A total of 865 surveys were collected. Overall, 50.5% (n = 437) of respondents were male. Mean age was 50.3 years (SD 18.0) with a range from 18 to 90 years. Fifty percent (n = 432) of respondents lived in Bagmati Province [urban], 25.1% (n = 217) in Province 1 [rural], and 24.9% (n = 215) in Lumbini [rural]. Bivariate analysis indicates differences across study sites by gender (p = .02), education (p < .001), employment status (p < .001), and monthly household income (p < .001). In Lumbini Province there were significantly more female respondents than in Bagmati or Province 1. In Lumbini and Province 1, there were more respondents with no formal schooling compared to Bagmati Province and there were more respondents with university/professional education in Bagmati Province compared to the two rural sites. More respondents reported full-time employment in Bagmati Province than Lumbini or Province 1 and there were more unemployed/retired respondents in Lumbini compared to Province 1. In terms of monthly household income, Bagmati respondents reported higher income than respondents in both Lumbini and Province 1 ().

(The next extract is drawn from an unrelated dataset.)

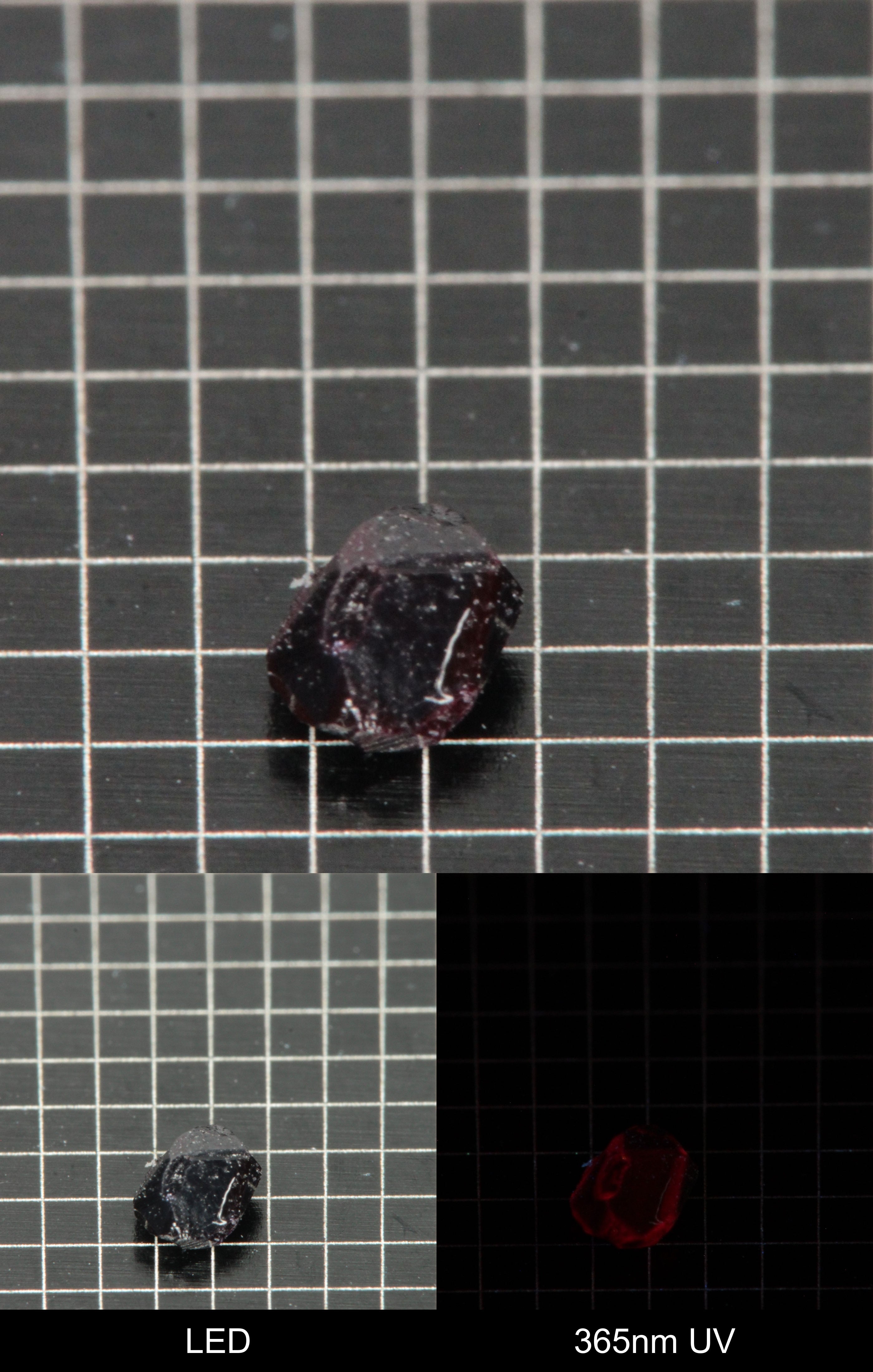 Synthetic Dark Flux Ruby Gemstone Grown by Gems of Science on a black mm grid background showing normal light and UV fluorescence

Table 1. Pairwise comparisons for significant demographic variables.

Demographics and COVID-19 vaccination status

Overall, 62% (537) of respondents reported being fully vaccinated, 18% (159) were partially vaccinated [received one dose of a two-dose vaccine] and 20% (168) were unvaccinated. Among those who were not vaccinated, 71% (118) said that they would get the vaccine as soon as possible. Among the remaining unvaccinated respondents, 13% (22) were undecided, 12% (20) would probably not take the vaccine, and 4% (7) stated they would delay one to 2 months before receiving the vaccine.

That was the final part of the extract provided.